Directions:
The entries should each be set down again precisely.

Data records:
◆ ◆ ◆ ◆ ◆ ◆ ◆
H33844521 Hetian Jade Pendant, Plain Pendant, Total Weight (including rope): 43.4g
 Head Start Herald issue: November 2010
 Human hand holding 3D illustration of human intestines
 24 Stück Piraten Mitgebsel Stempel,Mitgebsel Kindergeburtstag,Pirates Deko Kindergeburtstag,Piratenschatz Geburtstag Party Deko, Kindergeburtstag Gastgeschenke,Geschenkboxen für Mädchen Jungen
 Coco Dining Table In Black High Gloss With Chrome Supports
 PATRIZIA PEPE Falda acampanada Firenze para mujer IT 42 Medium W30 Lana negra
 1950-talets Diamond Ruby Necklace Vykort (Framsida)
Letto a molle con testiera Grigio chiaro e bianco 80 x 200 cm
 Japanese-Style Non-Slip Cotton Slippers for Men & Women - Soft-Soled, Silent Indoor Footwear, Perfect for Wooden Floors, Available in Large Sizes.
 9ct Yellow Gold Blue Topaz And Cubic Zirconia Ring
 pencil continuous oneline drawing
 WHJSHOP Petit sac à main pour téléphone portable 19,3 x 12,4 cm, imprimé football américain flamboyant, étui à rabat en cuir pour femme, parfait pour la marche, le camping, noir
◆ ◆ ◆ ◆ ◆ ◆ ◆
Solution below:
H33844521 Hetian Jade Pendant, Plain Pendant, Total Weight (including rope): 43.4g
 Head Start Herald issue: November 2010
 Human hand holding 3D illustration of human intestines
 24 Stück Piraten Mitgebsel Stempel,Mitgebsel Kindergeburtstag,Pirates Deko Kindergeburtstag,Piratenschatz Geburtstag Party Deko, Kindergeburtstag Gastgeschenke,Geschenkboxen für Mädchen Jungen
 Coco Dining Table In Black High Gloss With Chrome Supports
 PATRIZIA PEPE Falda acampanada Firenze para mujer IT 42 Medium W30 Lana negra
 1950-talets Diamond Ruby Necklace Vykort (Framsida)
Letto a molle con testiera Grigio chiaro e bianco 80 x 200 cm
 Japanese-Style Non-Slip Cotton Slippers for Men & Women - Soft-Soled, Silent Indoor Footwear, Perfect for Wooden Floors, Available in Large Sizes.
 9ct Yellow Gold Blue Topaz And Cubic Zirconia Ring
 pencil continuous oneline drawing
 WHJSHOP Petit sac à main pour téléphone portable 19,3 x 12,4 cm, imprimé football américain flamboyant, étui à rabat en cuir pour femme, parfait pour la marche, le camping, noir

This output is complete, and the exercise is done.